California’s Single-Payer Health Care Plan Would Be Costly and Risky

MedizinSingle-payer health care is e a major issue in California’s 2018 gubernatorial election. Democratic candidate Gavin Newsom has strongly endorsed the idea, while Republican candidate John Cox is opposed. Last year, a single-payer bill, SB 562: The Healthy California Act, passed the state Senate but was placed on hold in the Assembly.

SB 562 would replace the current health care system with a state program under which all provider claims are paid centrally with no network restrictions, deductibles, co-pays, or other limitations. One governing body would replace the current array of public and private insurers. Medicare, Medi-Cal, and the Children’s Health Insurance Program (CHIP) would be integrated into the new system.
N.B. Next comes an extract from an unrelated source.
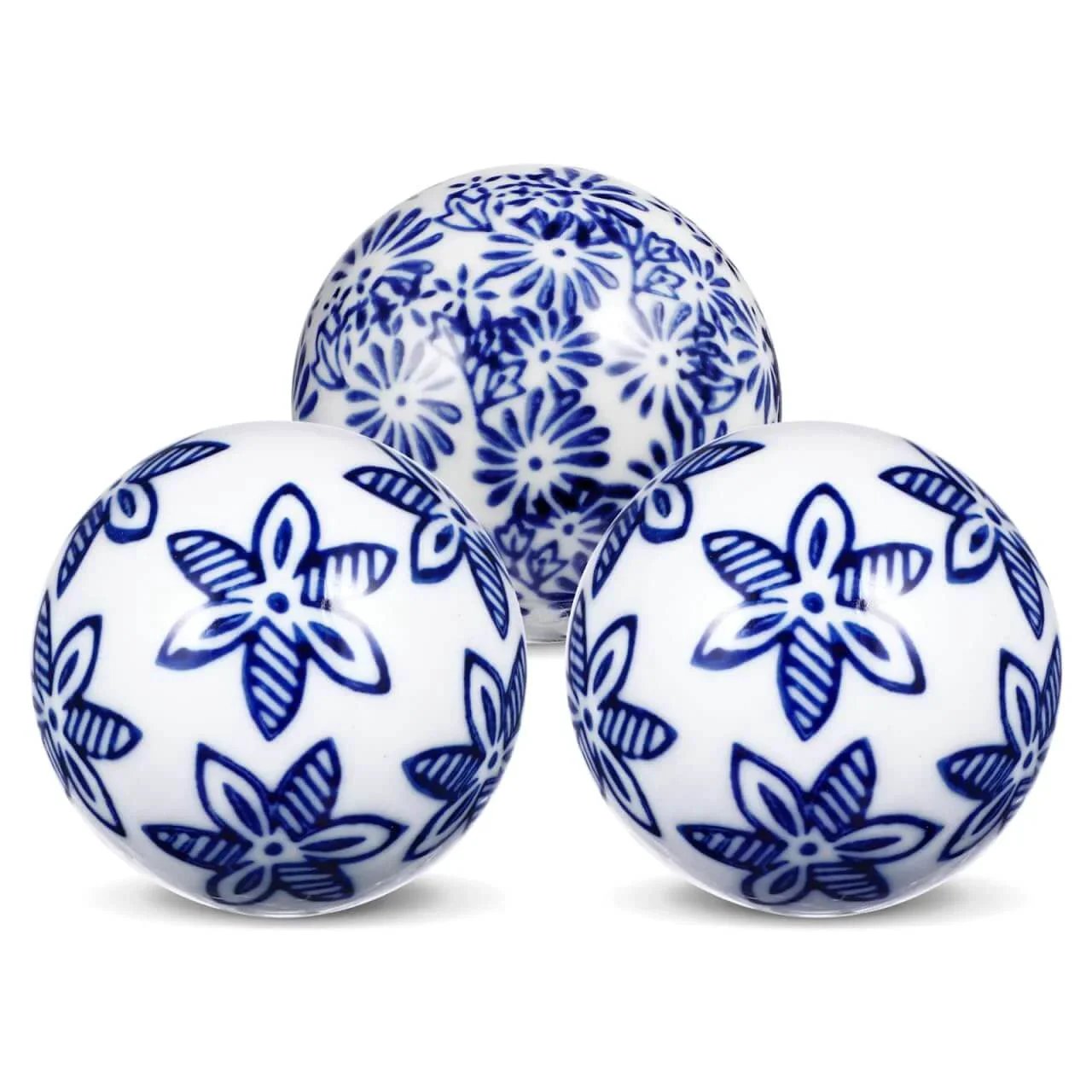 3Pcs Porcelain Balls Ceramic Balls Decorative Orbs Decorative for Centerpiece Small Spheres Floating for Bowl Vase Filler Fish Tank Pool Decor Vintage Home Decor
Proponents of single-payer primarily tout its ability to move the state towards universal coverage. However, California is already fairly close to achieving universal coverage. The June 2017 CDC report states that only 6.8 percent of Californians are uninsured. The other 93.2 percent already have private insurance, Medi-Cal, or gained insurance through Covered California during the Affordable Care Act (ACA) expansion.

Creating a single-payer health care system would be enormously costly, time-consuming, and difficult from a political and implementation standpoint. If achieving universal coverage is the primary goal, existing insurance schemes and government programs could be expanded to cover the uninsured instead. If Medi-Cal coverage is considered insufficient, it could be enhanced without impacting other categories of insurance.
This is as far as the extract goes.